Researchers at UC Merced have successfully built tiny artificial cells that can keep time, mimicking the natural 24-hour cycles found in living organisms
These artificial cells create new ways to study the internal clocks that regulate essential biological processes such as sleep and metabolism.
The breakthrough was recently published in Nature Communications and was led by Professors Anand Bala Subramaniam (bioengineering) and Andy LiWang (chemistry and biochemistry).
A big part of this research is gaining a deeper understanding of circadian rhythms, the internal biological clocks that operate on a roughly 24-hour cycle. These rhythms are essential for maintaining daily patterns in everything from energy use to hormone production. But until now, it’s been challenging to study how these clocks remain so reliable, even in the noisy, unpredictable environment inside cells.
Building synthetic clocks
The research team turned to a stripped-down system to answer this question. They reconstructed the circadian clock of cyanobacteria, microorganisms with one of the simplest known clock systems, using artificial, cell-like compartments known as vesicles.

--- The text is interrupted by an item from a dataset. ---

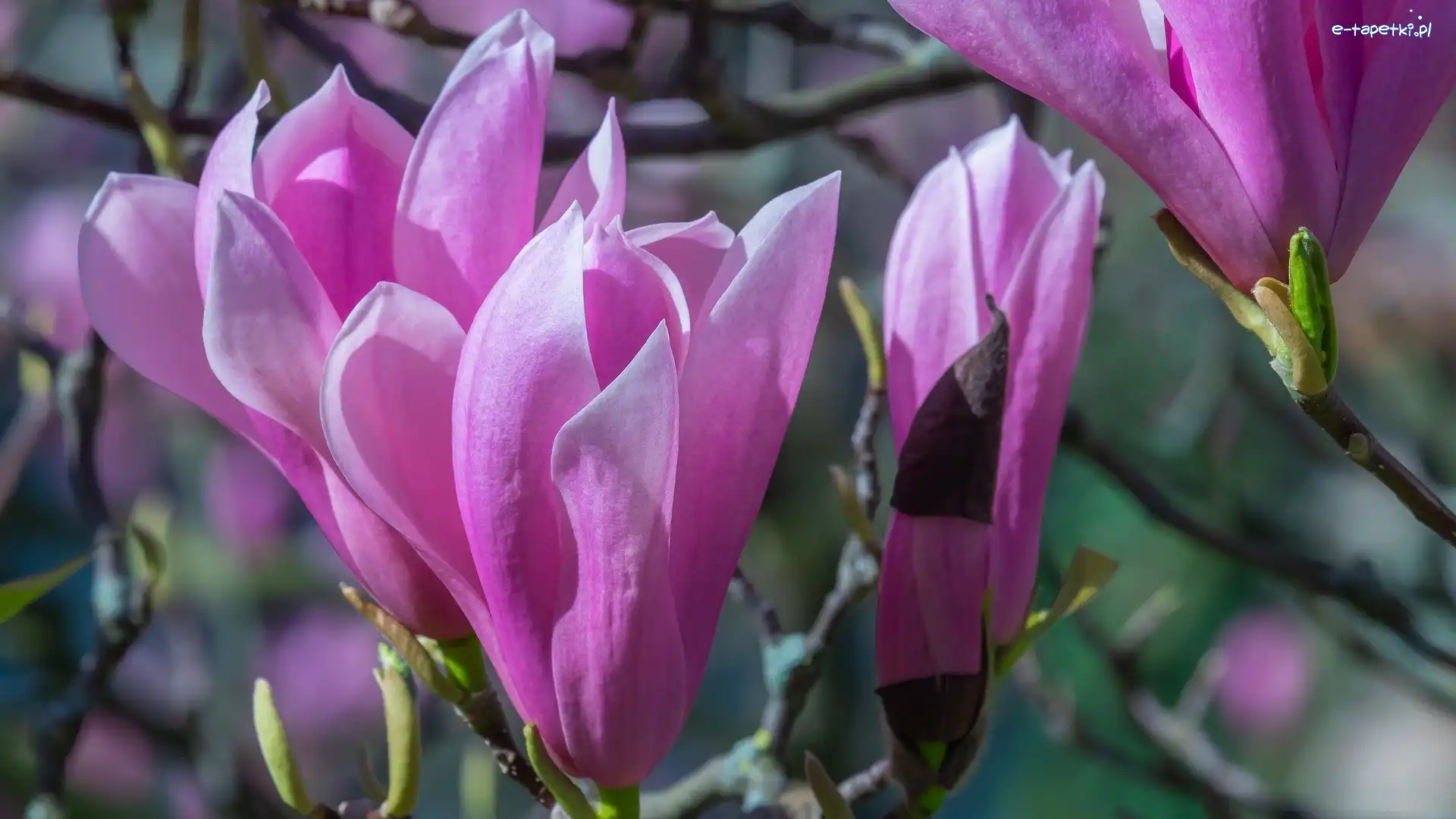 Magnolie, Kwiaty, Różowe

These vesicles were specifically designed to contain key clock proteins that drive rhythmic behaviour. One protein was tagged with a fluorescent marker so its activity could be easily tracked.
The results showed that the artificial cells glowed in a predictable 24-hour rhythm, maintaining this pattern for at least four days. This glow acted as a visible signal that the synthetic clocks were working. But when the number of clock proteins inside the vesicles was reduced or the vesicles themselves were made smaller, the regular rhythm stopped. The disruption of the rhythm followed a consistent, measurable pattern.

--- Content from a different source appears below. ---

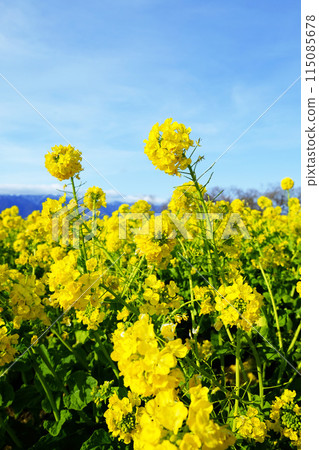 Rape blossoms 115085678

The role of protein concentration
To understand why this happened, the researchers developed a computational model of the system. The model showed that higher concentrations of clock proteins made the artificial clocks more robust, helping the vesicles maintain accurate timing even when the amount of protein varied slightly between them. This suggests that biological clocks may rely on having a certain threshold of proteins to function correctly.
The model also suggested that a separate component of the natural circadian system, one involved in regulating gene expression, does not play a significant role in maintaining time within individual cells. Instead, its main job seems to be keeping clocks synchronised across a group of cells, ensuring that the whole organism stays in sync.
Aiding future research
Another unexpected finding was that some clock proteins tended to stick to the inside walls of the vesicles. This means the total amount of protein needed for a working clock is higher than previously thought, since some of it becomes inactive. These insights show how small physical and chemical factors can have a significant impact on biological timekeeping.
The study opens the door to further exploration of circadian rhythms using minimal, controllable systems. By using synthetic biology to rebuild complex processes in simpler settings, scientists can isolate and study the core mechanics of life in new ways. This work not only advances our understanding of how cells tell time but also provides a new tool for studying biological clocks in different organisms.
Multiple grants, including a National Science Foundation CAREER award, National Institutes of Health funding, and an Army Research Office grant, supported the project. Additional support came from the NSF CREST Centre for Cellular and Biomolecular Machines at UC Merced.